— Неужели вы не поняли? — удивился он: ему казалось, что Соколов сразу же поймет, о ком идет речь. — Амирхана Татарханова, говорю, только что видел. Вы думали, что его нет в живых, а он здесь…
— Погоди, следопыт. — Алексей Викторович поднялся. — А ты, часом, не ошибся? Ты уверен, что это был Татарханов?
— Еще бы! Пусть до живота отпустит бороду. Узнаю за версту. Он! И там, конечно, у своих Татархановых, скрывается, — с неприязнью к Амирхану ронял слова Тариэл Хачури, хмурясь по-прежнему. — Он как будто почувствовал, что я иду за ним по пятам. Раз — и скрылся. Юркнул к родственникам во двор…

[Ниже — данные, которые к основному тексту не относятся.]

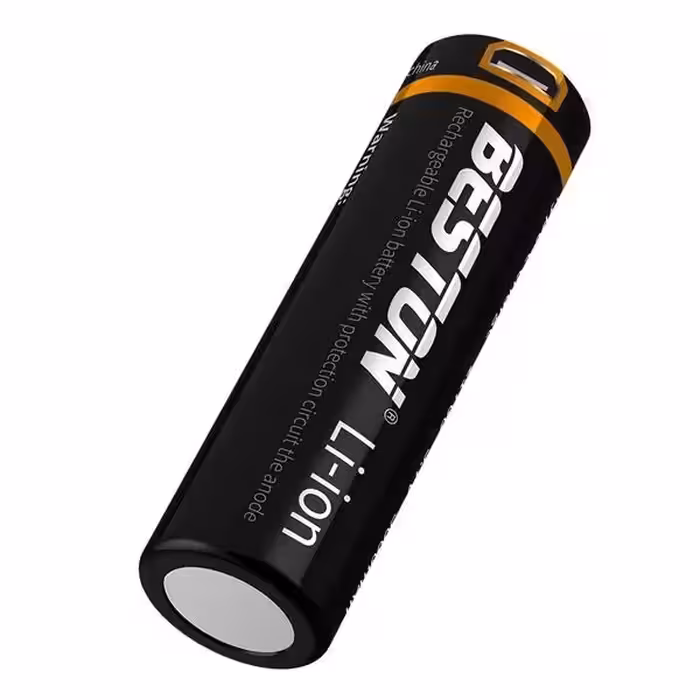 باتری قلمی قابل شارژ بستون مدل 3.7 MICROUSB 70M_35 ظرفیت 3500 میلی‌آمپر ساعت لیتیوم یونی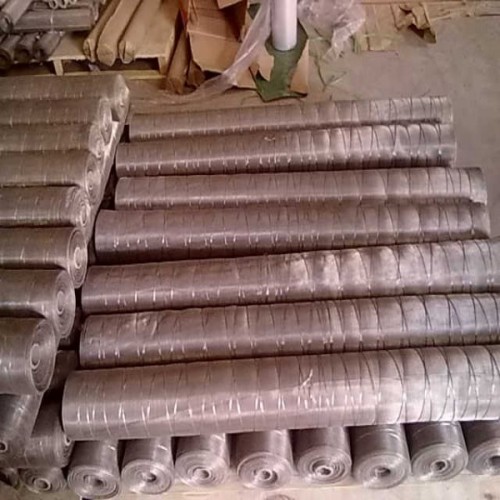 Electro Galvanized Square Woven Wire Mesh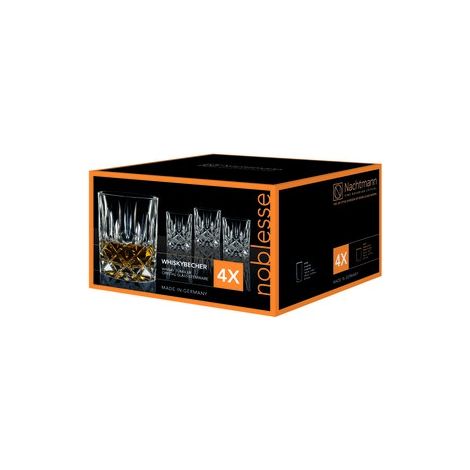 Nachtmann Noblesse: Set di 4 bicchieri da whisky 295ml - cristallo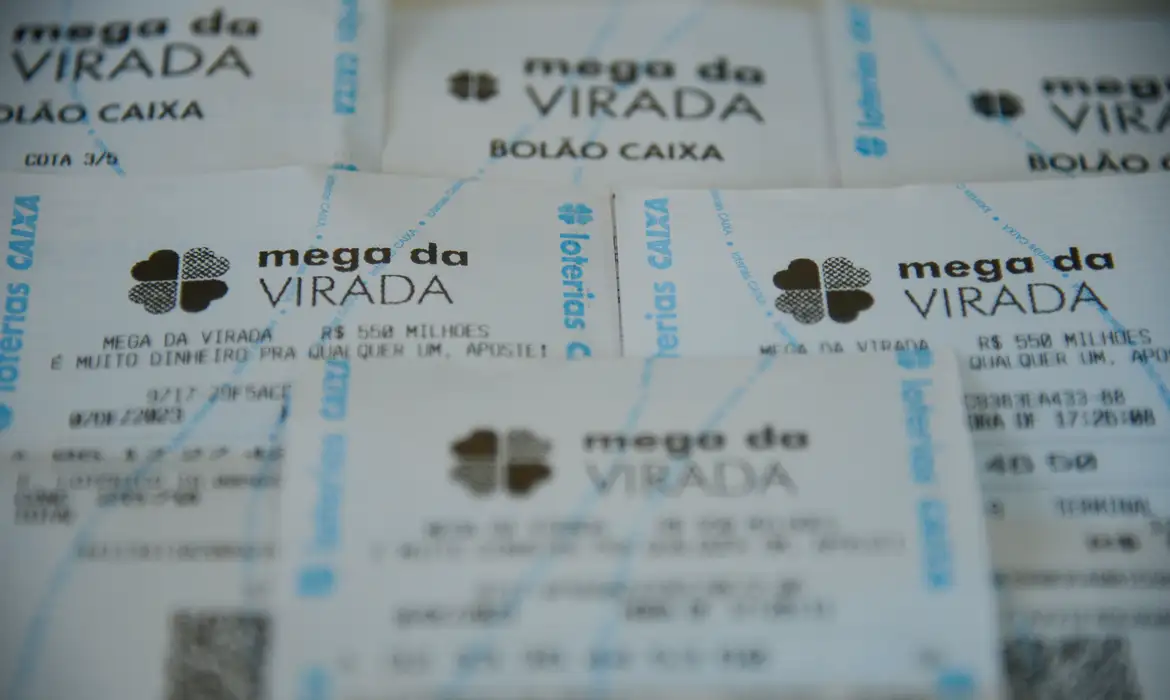 Mega da Virada acumula e prêmio histórico chega a R$ 1 bilhão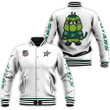 Dallas Stars NHL Ice Hockey Team Victor E. Green Logo Mascot White 3D Designed Allover Gift For Stars Fans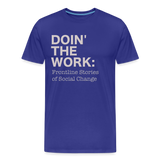 DTW Men's Premium T-Shirt - royal blue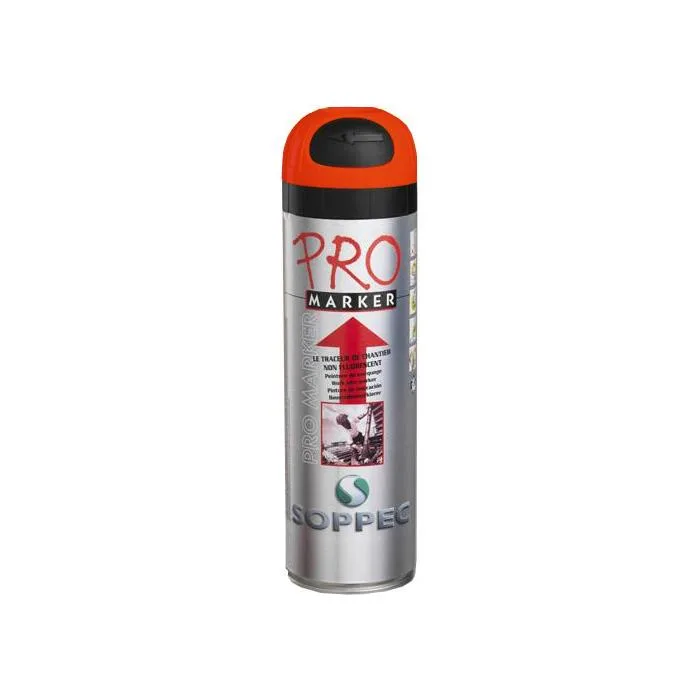 Soppec Promarker Markeringsfärg 12-pack Vit - Bild 2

— Ты и вправду, сынок, следопыт.
С той поры как Тимофеев нарек Тариэла следопытом, и Соколов время от времени называл парня так же. Алексей Викторович взял с собой мальчишку после окончания войны с интервентами, первые годы он жил у него в доме, Лиза относилась к сироте, как к родному. Потом Тариэл поступил в фабрично-заводское училище, а после его окончания пошел работать на комбинат. Здесь, на предприятии, его выбрали секретарем комсомольской ячейки. Рос и мужал парень быстро.
— Ладно, Тариэл. Молодец, что предупредил. Надо будет с этим разобраться.
…Утро было прохладное, с белоснежных гор струился свежий воздух и наполнял легкие. Хорошо как! В палисаднике благоухало. Лиза любила цветы — они росли везде, а под окнами кирпичного дома цвели белые розы.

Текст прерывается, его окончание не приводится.